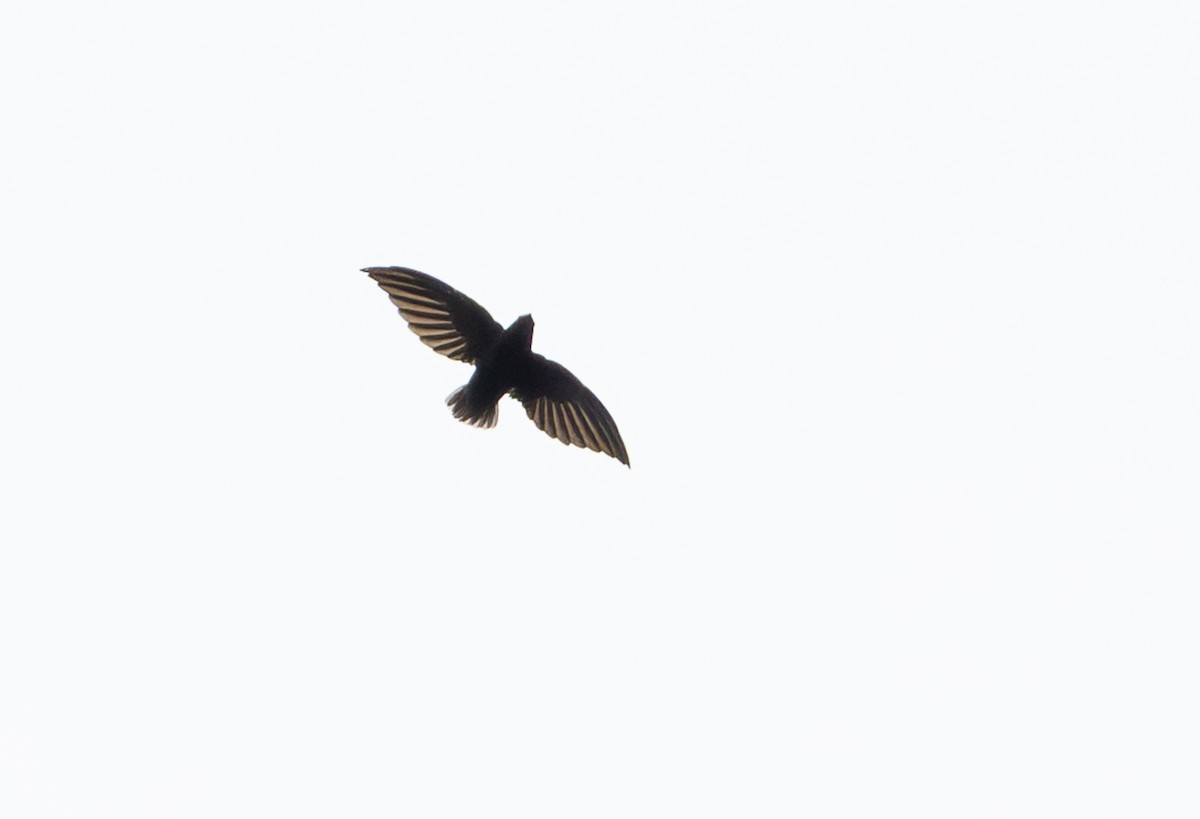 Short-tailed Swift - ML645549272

===============

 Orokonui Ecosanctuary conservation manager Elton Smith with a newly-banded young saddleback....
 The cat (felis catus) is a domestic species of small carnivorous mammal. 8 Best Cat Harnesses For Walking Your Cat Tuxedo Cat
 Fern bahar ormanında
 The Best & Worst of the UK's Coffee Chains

===============

YOUR GOAL — Using the material above, return each line in which the word "Best" occurs.

SOLUTION —
 The cat (felis catus) is a domestic species of small carnivorous mammal. 8 Best Cat Harnesses For Walking Your Cat Tuxedo Cat
 The Best & Worst of the UK's Coffee Chains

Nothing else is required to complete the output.